No issues with pets "Dogs", more issues with the Pax, I have had pit bulls in my car with no issues, most people have small lap dogs, my last pax with a dog had a French bulldog terrier, the small bat ear dog, his name was max and he had a snoring problem, poor little fella, they dragged him out in the wee hours to fly out of town for Christmas.


----------



## Desert Driver (Nov 9, 2014)

cybertec69 said:


> No issues with pets "Dogs", more issues with the Pax, I have had pit bulls in my car with no issues, most people have small lap dogs, my last pax with a dog had a French bulldog terrier, the small bat ear dog, his name was max and he had a snoring problem, poor little fella, they dragged him out in the wee hours to fly out of town for Christmas.


Cool story. I love dogs. I also love cats - I have a couple. But if they want a ride in Desert Driver's car, they have to compensate me for my clean-up time. That's not unreasonable by any reckoning.


----------



## cybertec69 (Jul 23, 2014)

I have a small shop vac in the trunk, it takes 5 minutes to take care of any hairs left on the rug.
http://www.amazon.com/gp/product/B0...ode=as2&tag=ubne0c-20&linkId=2N2RMERUTUVPHLRM


----------



## CatnipHigh (Sep 23, 2014)

I don't charge anything and I gladly let the pet in after I pet and play with it myself. I love animals. I own two cats and a ball python. Want to get a dog soon.


----------



## Desert Driver (Nov 9, 2014)

cybertec69 said:


> I have a small shop vac in the trunk, it takes 5 minutes to take care of any hairs left on the rug.
> http://www.amazon.com/gp/product/B001AQEQNA/?tag=ubne0c-20


Excellent idea. And you should be charging for the pet rides to compensate you for your time to vacuum and to recover the cost of the vac. Business expenses should always be recovered somewhere.


----------



## Desert Driver (Nov 9, 2014)

CatnipHigh said:


> I don't charge anything and I gladly let the pet in after I pet and play with it myself. I love animals. I own two cats and a ball python. Want to get a dog soon.

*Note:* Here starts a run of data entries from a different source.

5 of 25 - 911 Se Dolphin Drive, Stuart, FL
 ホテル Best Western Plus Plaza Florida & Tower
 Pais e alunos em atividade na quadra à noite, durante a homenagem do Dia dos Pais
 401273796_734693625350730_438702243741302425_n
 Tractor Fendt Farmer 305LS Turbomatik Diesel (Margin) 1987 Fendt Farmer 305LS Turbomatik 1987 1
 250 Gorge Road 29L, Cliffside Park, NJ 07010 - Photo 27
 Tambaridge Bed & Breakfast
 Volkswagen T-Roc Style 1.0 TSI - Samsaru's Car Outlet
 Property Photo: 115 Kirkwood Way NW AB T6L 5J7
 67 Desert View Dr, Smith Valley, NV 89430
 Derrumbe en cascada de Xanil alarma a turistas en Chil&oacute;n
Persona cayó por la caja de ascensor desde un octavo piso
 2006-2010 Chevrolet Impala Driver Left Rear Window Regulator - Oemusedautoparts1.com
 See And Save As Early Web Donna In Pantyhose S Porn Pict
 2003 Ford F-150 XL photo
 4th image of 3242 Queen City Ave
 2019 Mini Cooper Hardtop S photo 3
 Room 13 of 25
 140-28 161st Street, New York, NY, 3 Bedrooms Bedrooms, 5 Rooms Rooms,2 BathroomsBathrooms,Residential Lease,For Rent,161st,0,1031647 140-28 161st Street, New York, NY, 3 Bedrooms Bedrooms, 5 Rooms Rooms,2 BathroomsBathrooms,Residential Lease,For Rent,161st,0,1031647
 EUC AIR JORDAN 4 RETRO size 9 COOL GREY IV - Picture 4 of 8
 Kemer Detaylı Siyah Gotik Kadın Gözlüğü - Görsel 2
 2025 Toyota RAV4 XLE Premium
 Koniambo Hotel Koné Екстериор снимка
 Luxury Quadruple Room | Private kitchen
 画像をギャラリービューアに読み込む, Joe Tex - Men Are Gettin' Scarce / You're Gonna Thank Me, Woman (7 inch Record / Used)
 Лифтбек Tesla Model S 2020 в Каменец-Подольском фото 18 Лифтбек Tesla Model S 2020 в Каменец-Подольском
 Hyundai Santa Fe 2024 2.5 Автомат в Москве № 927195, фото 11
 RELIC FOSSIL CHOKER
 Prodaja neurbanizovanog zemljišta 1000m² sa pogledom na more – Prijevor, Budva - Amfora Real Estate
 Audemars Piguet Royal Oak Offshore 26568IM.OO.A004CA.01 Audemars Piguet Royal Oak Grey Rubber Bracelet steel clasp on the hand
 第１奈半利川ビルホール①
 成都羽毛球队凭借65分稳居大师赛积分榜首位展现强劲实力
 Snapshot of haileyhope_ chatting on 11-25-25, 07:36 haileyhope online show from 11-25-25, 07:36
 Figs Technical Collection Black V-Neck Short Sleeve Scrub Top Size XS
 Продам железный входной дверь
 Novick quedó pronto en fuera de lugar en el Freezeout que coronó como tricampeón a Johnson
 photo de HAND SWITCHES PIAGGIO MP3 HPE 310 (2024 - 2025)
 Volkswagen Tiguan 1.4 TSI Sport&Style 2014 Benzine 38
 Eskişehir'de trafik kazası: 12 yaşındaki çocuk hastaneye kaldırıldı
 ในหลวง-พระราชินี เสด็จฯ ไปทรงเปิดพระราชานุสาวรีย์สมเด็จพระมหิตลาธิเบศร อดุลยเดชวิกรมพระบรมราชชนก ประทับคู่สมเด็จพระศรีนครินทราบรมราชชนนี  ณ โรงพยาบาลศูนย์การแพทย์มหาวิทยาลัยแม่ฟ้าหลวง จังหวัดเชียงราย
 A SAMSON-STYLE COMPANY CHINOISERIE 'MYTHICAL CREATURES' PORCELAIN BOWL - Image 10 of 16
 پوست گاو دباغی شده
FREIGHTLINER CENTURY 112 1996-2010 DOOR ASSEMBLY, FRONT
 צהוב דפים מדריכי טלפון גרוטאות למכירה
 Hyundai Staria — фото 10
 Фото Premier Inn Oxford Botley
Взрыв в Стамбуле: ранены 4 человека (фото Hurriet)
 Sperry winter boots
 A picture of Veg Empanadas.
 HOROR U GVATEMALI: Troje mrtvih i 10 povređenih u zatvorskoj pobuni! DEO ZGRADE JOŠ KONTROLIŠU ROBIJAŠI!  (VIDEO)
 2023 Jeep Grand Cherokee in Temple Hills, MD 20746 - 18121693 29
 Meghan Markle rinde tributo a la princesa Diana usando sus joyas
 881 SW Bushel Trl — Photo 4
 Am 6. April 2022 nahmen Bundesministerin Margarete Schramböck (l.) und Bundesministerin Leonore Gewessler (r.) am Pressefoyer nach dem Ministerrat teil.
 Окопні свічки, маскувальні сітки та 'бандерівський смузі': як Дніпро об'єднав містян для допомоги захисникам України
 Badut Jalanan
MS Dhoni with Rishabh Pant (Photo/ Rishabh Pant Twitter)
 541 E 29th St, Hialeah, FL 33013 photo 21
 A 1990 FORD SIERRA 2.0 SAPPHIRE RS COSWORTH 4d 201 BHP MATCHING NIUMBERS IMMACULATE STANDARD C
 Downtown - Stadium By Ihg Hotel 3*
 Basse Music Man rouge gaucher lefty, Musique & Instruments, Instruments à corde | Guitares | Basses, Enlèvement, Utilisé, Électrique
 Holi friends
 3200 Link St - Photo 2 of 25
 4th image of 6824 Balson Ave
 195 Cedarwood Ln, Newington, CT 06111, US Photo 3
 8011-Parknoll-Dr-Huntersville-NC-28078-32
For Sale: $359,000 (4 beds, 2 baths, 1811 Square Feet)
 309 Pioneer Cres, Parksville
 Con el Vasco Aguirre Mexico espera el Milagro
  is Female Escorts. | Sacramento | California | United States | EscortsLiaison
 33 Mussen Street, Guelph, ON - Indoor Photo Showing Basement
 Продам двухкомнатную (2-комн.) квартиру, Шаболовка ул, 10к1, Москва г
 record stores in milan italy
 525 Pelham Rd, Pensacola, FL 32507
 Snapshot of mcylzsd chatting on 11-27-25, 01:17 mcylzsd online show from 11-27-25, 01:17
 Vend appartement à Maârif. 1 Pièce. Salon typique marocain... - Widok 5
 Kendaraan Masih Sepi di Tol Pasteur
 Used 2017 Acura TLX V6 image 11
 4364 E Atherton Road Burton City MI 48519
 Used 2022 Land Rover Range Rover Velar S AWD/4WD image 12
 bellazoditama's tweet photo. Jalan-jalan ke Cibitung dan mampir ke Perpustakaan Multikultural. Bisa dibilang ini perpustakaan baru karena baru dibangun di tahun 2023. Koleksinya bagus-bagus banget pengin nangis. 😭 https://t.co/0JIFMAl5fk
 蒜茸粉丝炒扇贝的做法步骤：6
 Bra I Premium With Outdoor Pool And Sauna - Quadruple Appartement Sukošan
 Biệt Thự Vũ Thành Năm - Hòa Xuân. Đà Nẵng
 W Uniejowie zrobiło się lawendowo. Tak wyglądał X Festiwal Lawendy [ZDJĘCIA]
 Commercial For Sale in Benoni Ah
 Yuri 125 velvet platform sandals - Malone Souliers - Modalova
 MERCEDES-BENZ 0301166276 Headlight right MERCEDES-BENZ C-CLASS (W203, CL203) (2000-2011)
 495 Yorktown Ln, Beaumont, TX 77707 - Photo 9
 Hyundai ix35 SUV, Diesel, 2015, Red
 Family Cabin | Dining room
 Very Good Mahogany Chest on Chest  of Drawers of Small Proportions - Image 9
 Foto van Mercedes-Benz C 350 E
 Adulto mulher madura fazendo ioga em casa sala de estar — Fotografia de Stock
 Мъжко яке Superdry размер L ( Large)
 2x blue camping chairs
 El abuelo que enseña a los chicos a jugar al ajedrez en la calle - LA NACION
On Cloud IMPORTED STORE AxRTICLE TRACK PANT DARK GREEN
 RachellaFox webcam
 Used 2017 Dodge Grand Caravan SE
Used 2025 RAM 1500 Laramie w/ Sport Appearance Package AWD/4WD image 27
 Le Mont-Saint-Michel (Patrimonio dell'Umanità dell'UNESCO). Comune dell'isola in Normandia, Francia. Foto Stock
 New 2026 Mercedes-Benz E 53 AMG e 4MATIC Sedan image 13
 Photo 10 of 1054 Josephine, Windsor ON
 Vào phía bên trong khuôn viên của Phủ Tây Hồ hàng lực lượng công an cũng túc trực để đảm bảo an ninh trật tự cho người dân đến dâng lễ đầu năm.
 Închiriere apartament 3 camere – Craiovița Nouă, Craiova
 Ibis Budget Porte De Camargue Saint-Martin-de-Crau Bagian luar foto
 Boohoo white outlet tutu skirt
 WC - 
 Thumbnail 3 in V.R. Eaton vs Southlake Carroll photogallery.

Oh, don't get me wrong. I love animals, too, and I always play with the animal if the owner and animal are receptive to that. But I also charge for the service. There's no good reason not to and pet owners understand that that's just part of responsible pet ownership.


----------



## ShooUber (Sep 13, 2014)

Desert Driver said:


> When riders wish to enter my car with a pet, I charge a $10 service fee for each uncaged pet. Caged pets - no problem. The reason for this policy is because I have black upholstery, and after a pet rides I have to go offline to vacuum and deodorize the upholstery. I likely lose more than $10 in fares while I'm offline, but I'm a softie for people who travel with their pets, so I only charge $10. I'm not sure how Uber feels about this and, frankly, I don't care. But here is the note I sent to Uber this morning on the topic.
> 
> _I'm an Uber driver and I keep the interior of my car immaculately clean. I also have black upholstery. Ergo, when riders have pets I charge a $10 service fee for each uncaged pet. If the pet is caged, I don't charge a service fee. But an uncaged pet necessitates a trip to the vacuum cleaner and a spritzing of upholstery deodorizer, that likely costs me more than $10 in lost fares. As an independent contractor I have say over what goes on in my car, so I don't see a problem with my policy. Uber is OK with such a policy, correct?_​


I would love to hear about Uber' reply of your $10 cleaning fee. please keep us posted. Thanks


----------



## Desert Driver (Nov 9, 2014)

cybertec69 said:


> No issues with pets "Dogs", more issues with the Pax, I have had pit bulls in my car with no issues, most people have small lap dogs, my last pax with a dog had a French bulldog terrier, the small bat ear dog, his name was max and he had a snoring problem, poor little fella, they dragged him out in the wee hours to fly out of town for Christmas.


For the record, I don't charge extra for ugly or homely dogs. Likewise, I don't impose a surcharge for ugly or homely people. That's just the kinda guy Desert Driver is! A true man of the people.


----------



## Desert Driver (Nov 9, 2014)

ShooUber said:


> I would love to hear Uber' reply about your $10 cleaning fee. please keep us posted. Thanks


Indeed! But ultimately, Uber has nothing to say about it. We're IC's, after all. If Uber wants to buy my car and I continue to drive it, then they can impose whatever policy they like.


----------



## ShooUber (Sep 13, 2014)

Desert Driver said:


> Indeed! But ultimately, Uber has nothing to say about it. We're IC's, after all. If Uber wants to buy my car and I continue to drive it, then they can impose whatever policy they like.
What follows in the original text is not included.